When asked to describe Australia Day, Grace Tame and Donald Trump with one word each, he used one positive adjective, one negative adjective and one neutral noun: “Great” for Australia Day, “Difficult” for Grace Tame and “President” for Donald Trump.
Hmm. Why did he choose adjectives for two of his responses and a noun for the third?
An adjective, as we all learnt in primary school, names an attribute of a noun. An attribute ascribes a quality or feature as characteristic of a person, place or thing. Adjectives judge. They qualify. They reveal perspective.
So why did he choose a positive adjective “Great” for Australia Day? Simple. Because Albo is aligned with colonial thinking and is comfortable as a White settler on stolen land. “Great” is not neutral. It’s not reflective. It’s celebratory. And celebration, in this context, signals allegiance with the invasion of these sovereign Indigenous lands and the genocide of its people here on Gadigal in so-called Sydney Cove.
Why did he choose a negative adjective “Difficult” for Grace Tame? Again, simple. Because powerful men routinely brand outspoken women as “difficult” when they refuse to comply. “Difficult” is the oldest misogynistic shorthand in the book. Tame cannot be tamed — not by any man, not even the Prime Minister — and so she is framed as a problem to be managed rather than a voice to be respected.
And why did he choose a noun for Donald Trump? Because the noun he selected “President” is framed as factual, objective, stripped of judgement. By retreating to a title rather than an adjective, Albo avoids moral assessment. He chooses institutional deference over ethical clarity.

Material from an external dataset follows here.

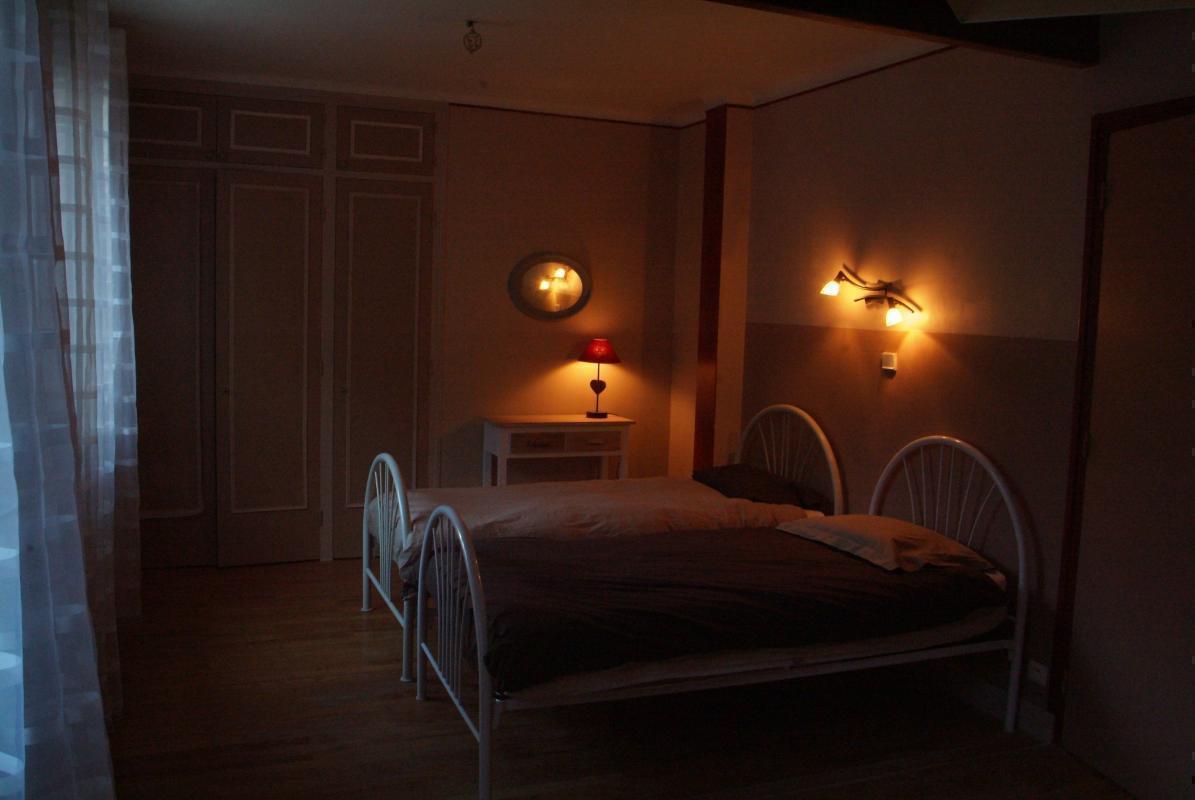 Chambre 2 : 3 lits 90cm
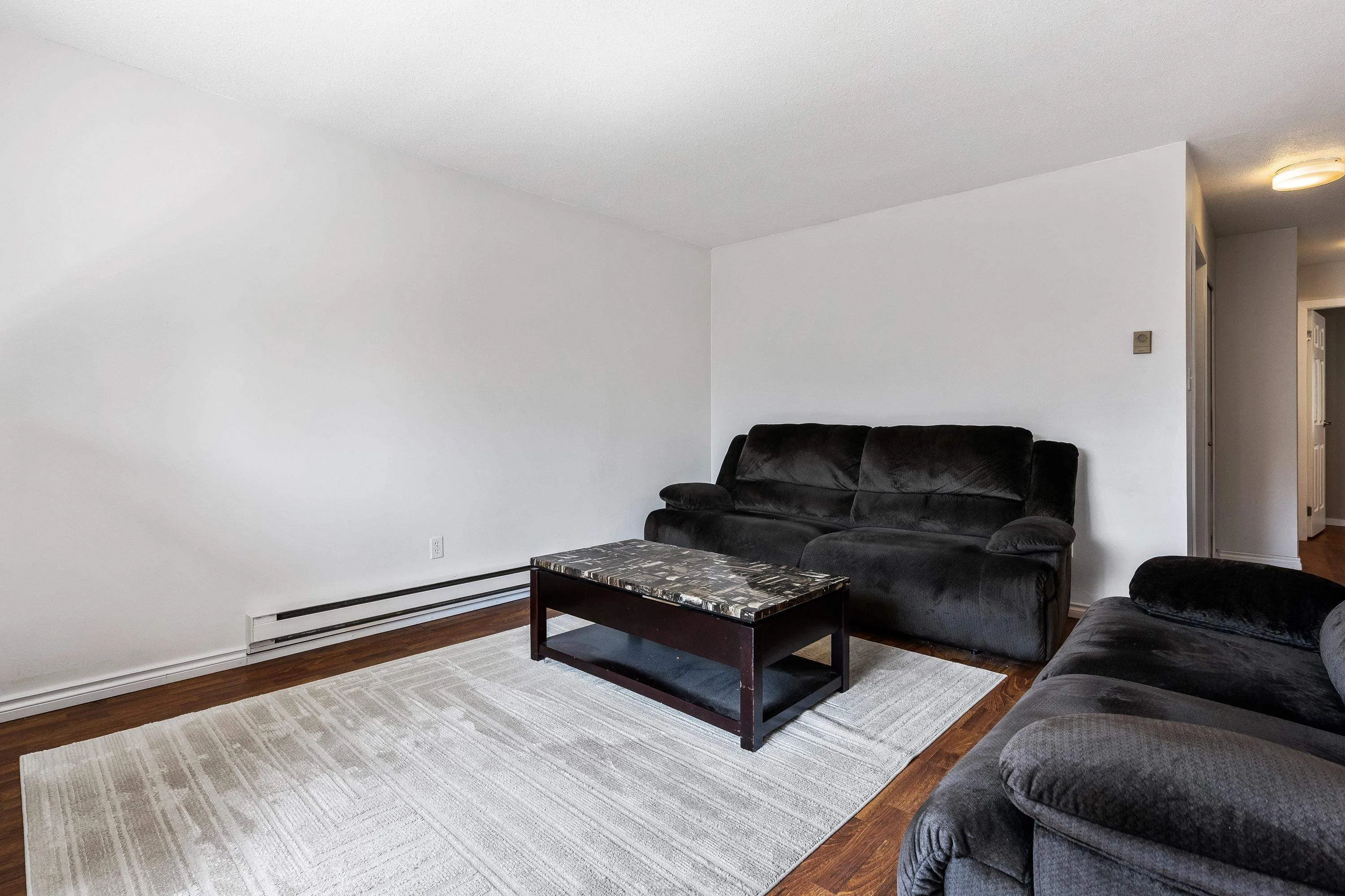 207 2853 W Bourquin Crescent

Trump is not merely a “president”. He is a deeply harmful political actor with a record that demands scrutiny. According to CBC News, his name appears more than 1,500 times in the Epstein files. He has said he is a friend of Israel, and Al Jazeera has reported that “in March US Secretary of State Marco Rubio announced that Washington would be sending $4bn in emergency military assistance to Israel”. That’s $4bn to Israel, a state that scholars and scientist have said has targeted and killed approximately 680000 Palestinians of whom 380000 are children under five-years-old in under two years. Trump’s government is funding genocide. Since September, Democracy Now has reported that the “Trump administration has killed at least 148 people in its widely condemned military strikes on boats in the Caribbean and Pacific” while accusing the people on these boats of being “narcoterrorists” without substaintail backup. His government has invaded and bombed the sovereign nation of Venezuela and kidnapped its elected president, Nicolás Maduro and its First Lady. Trump’s Washington has continued to choke Cuba with an economic embargo and continuing to list them on the State Sponsors of Terrorism list and further pressing down on Cuba and Cubans on the island’s neck by adding a 15% tariff on goods from countries that provide oil to Cuba. The Guardian wrote that 2025 was “ICE’s deadliest year in two decades”, with 32 people killed under Trump’s watchful eyes. His government bombed Nigeria. He has threatened Colombia, Iran, Panama and, and, and. Yet Albo declines to attach any quality to him. No “dangerous”, no “divisive”, no “reckless”. Just the office. Just the role. Just the status.
Adjectives for a day that is a stain on national history, a day that should be a day of mourning. Adjectives for a woman who speaks truth to power. And a neutral noun for a US figure with too many skeletons in his closet.
That is not accidental. That is instinct. And instinct reveals alignment.